# [Action item]
Reproduce word for word, from the entries below, the line with "bedroom featuring baseboards, visible", the line with "Two connected deck", and every line between them, and nothing more.

# [Records to process]
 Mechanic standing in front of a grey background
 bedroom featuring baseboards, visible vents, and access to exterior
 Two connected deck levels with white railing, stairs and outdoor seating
==
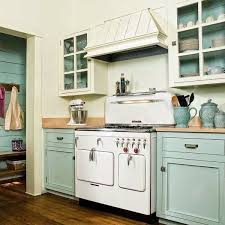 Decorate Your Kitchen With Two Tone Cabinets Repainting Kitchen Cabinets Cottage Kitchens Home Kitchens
==
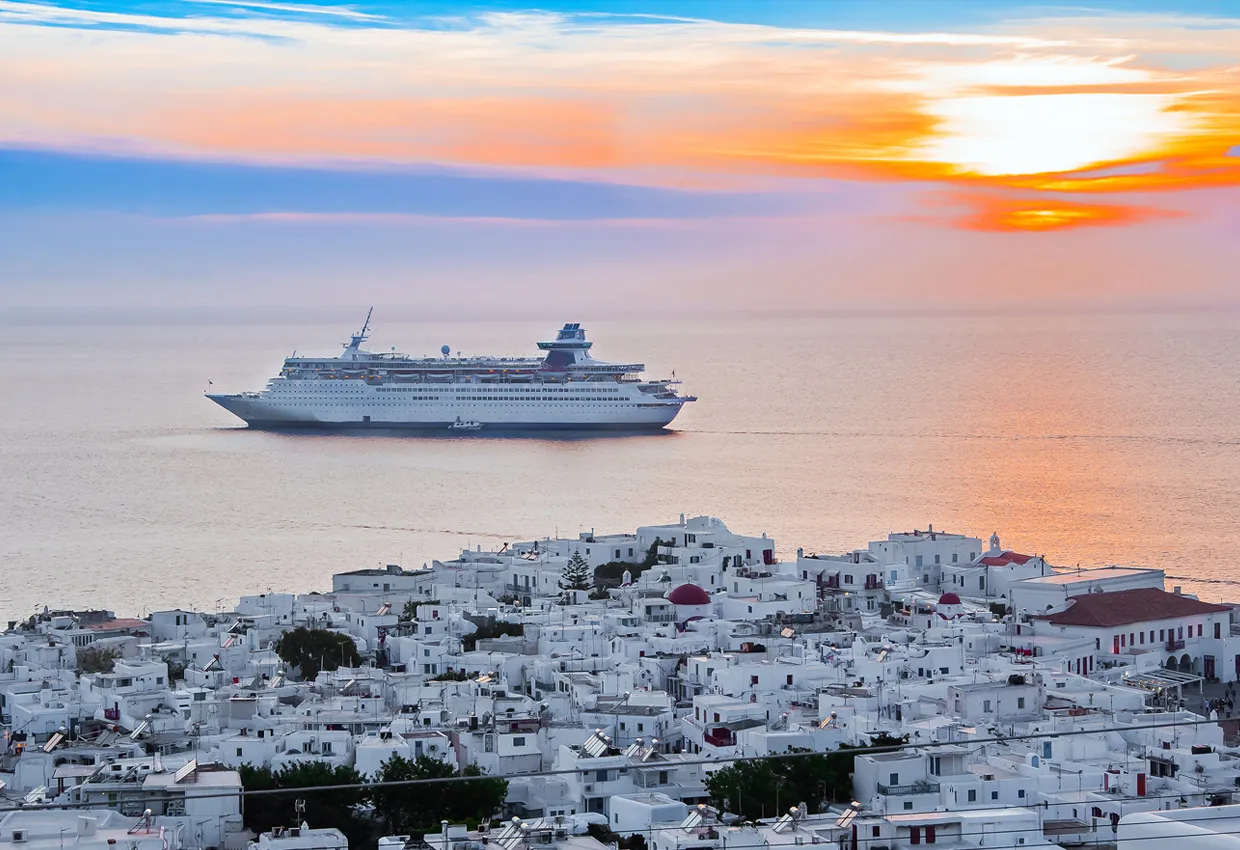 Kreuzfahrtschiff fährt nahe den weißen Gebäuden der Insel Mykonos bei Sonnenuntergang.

# [Solved exercise]
 bedroom featuring baseboards, visible vents, and access to exterior
 Two connected deck levels with white railing, stairs and outdoor seating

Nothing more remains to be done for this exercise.